Pedraza, the Boeing spokesman, said the two software updates were unrelated, and he referred to the Jan. 25 changes as a “standard service bulletin” to 737 operators.
A spokesman for Ethiopian Airlines declined to comment on whether the plane that crashed in March had received the Jan. 25 software update.
While United Technologies is confronted with questions about Collins, it already faces a lawsuit against Rosemount, its aircraft sensor subsidiary.
The family of Samya Stumo, an American woman killed in the Ethiopia crash, filed a lawsuit against Boeing and Rosemount in U.S. District Court in Northern Illinois on Thursday. The legal complaint alleges that Boeing designed and installed a “defective flight control system” on its planes and accuses Rosemount of negligently developing defective angle-of-attack sensors.
A preliminary report on the Ethiopian Airlines accident, released Thursday, found that the sensors began registering erroneous readings less than a minute after takeoff. Sensors on alternate sides of the plane showed wildly divergent measurements for airspeed and altitude.
Investigators of the Lion Air crash also said Rosemount’s sensors fed the wrong signals to the flight-control computer, causing the MCAS feature to repeatedly push the plane’s nose down.
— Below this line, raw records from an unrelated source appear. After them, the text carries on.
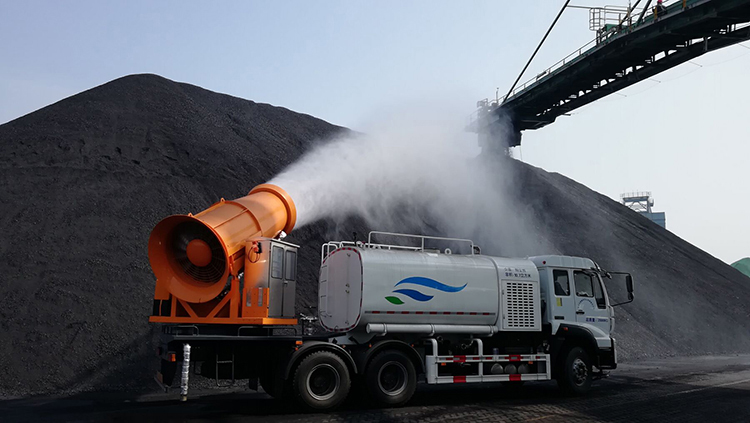 煤場降塵霧炮機.jpg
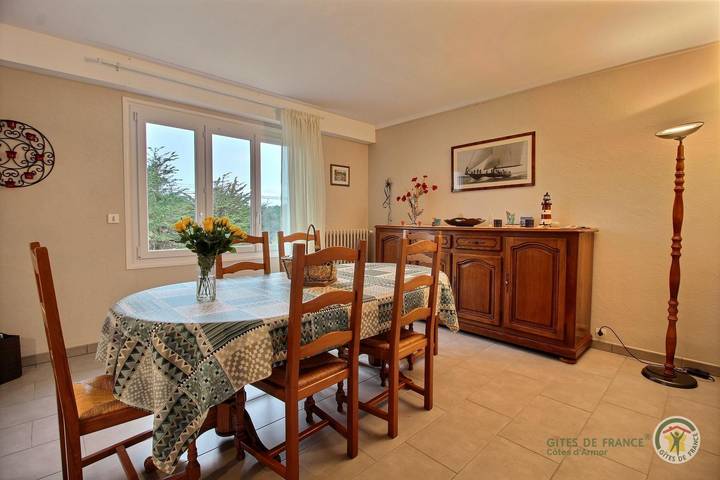 Gîte pour 4 personnes, avec jardin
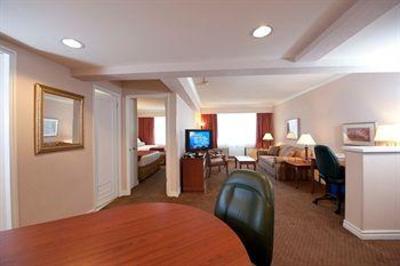 фото отеля Capital Hill Hotel & Suites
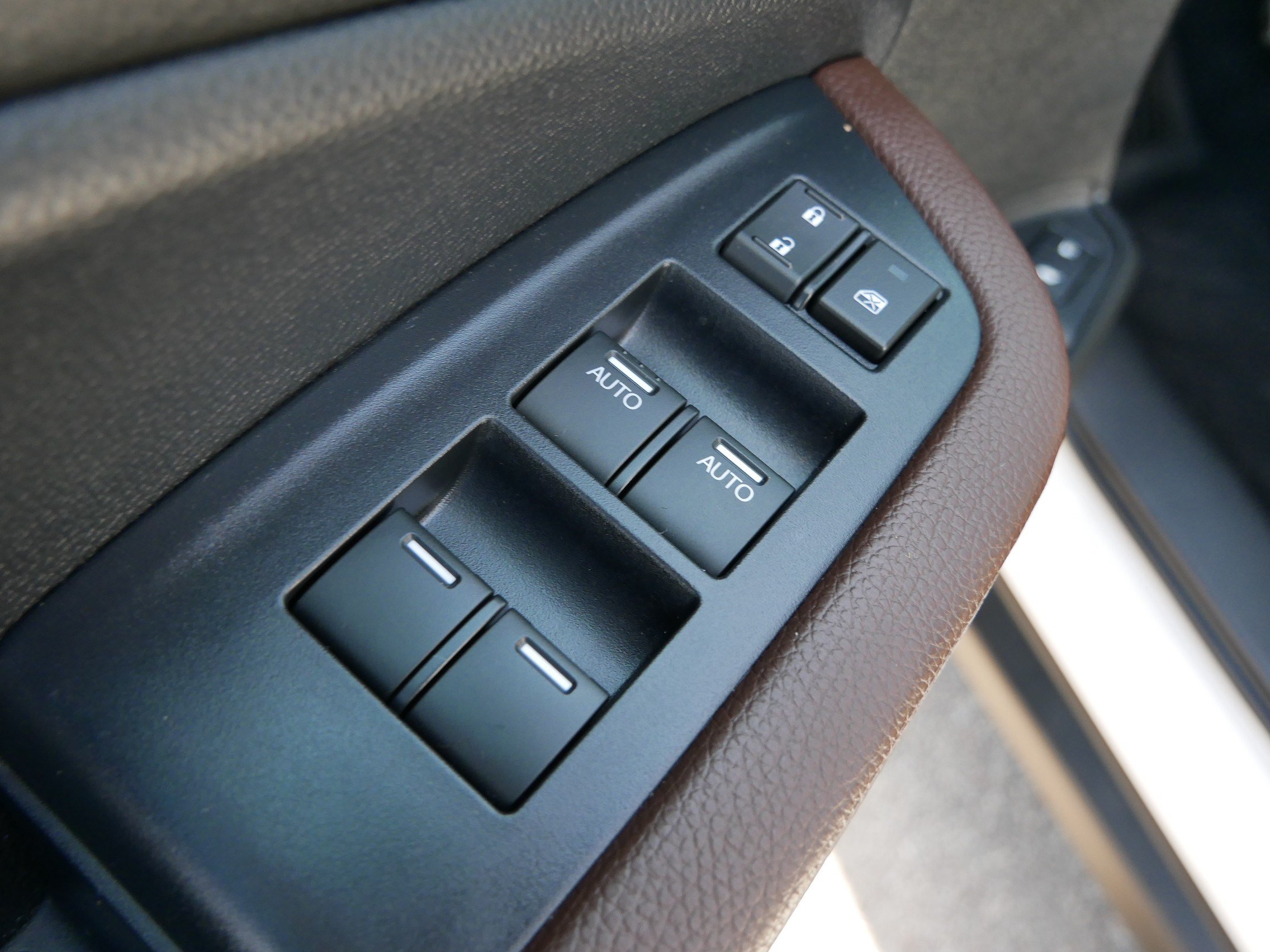 Used 2025 Honda Passport EX-L image 18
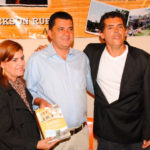 Jackson-Rubem-acompanhado-de-Ricardo-Rodrigues-atual-Prefeito-de-Lapão-e-sua-esposa-Iara-Machado-no-Lançamento-do-livro-LAPÃO-CEM-ANOS-DE-HISTÓRIA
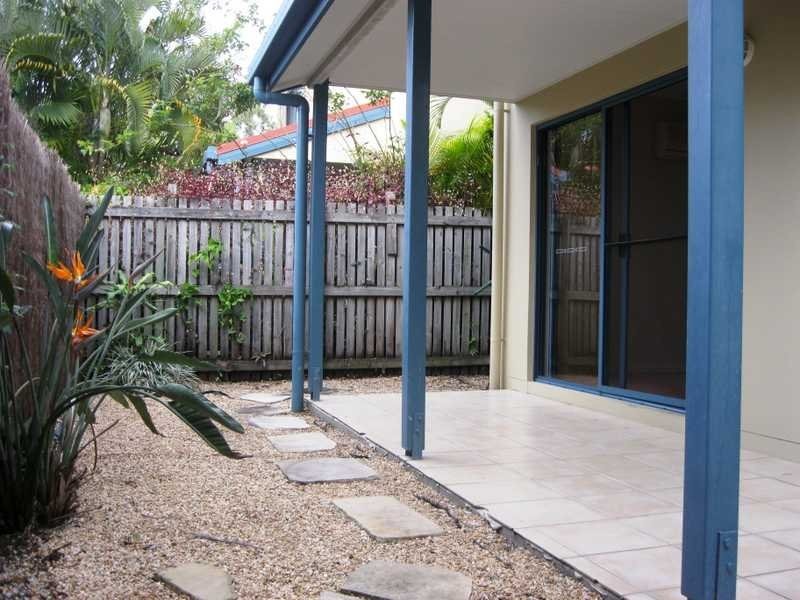 2/12 Erromango Drive, Jubilee Pocket QLD 4802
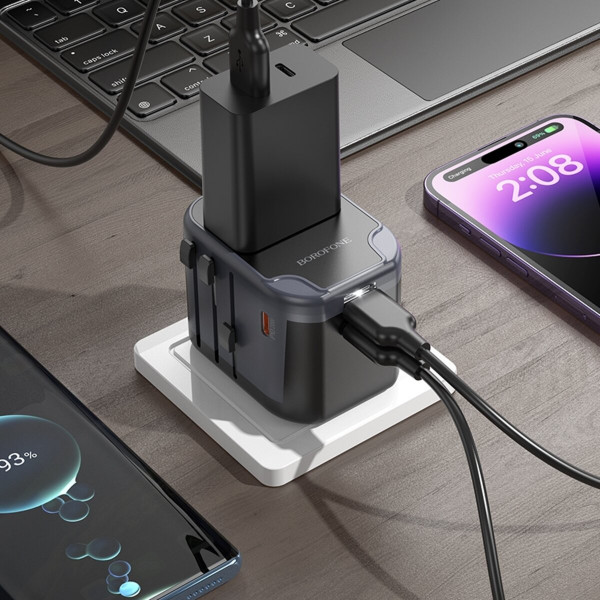 Мережевий зарядний пристрій BOROFONE BAC13 Leader 3-port PD20W(1C2A) universal conversion charger Чорний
“The way product liability law works is that component part manufacturers have liability, just like the general manufacturer,” said Brian Kabateck, a lawyer representing victims of the Lion Air crash in a lawsuit against Boeing. If Boeing believes that any suppliers are at fault, it typically would file a counterclaim against those suppliers to force them to share liability, Kabateck said.
Others say Boeing should bear full responsibility for weeding out potential flaws in the aircraft systems it buys.
“At the end of the day, it was Boeing’s responsibility to integrate this box into the plane and to integrate the external sensors,” said Richard Aboulafia, a Teal Group aerospace analyst. “There might be individual factors that played a role. But responsibility for coordinating all of the technology and the onboard inputs falls to Boeing.”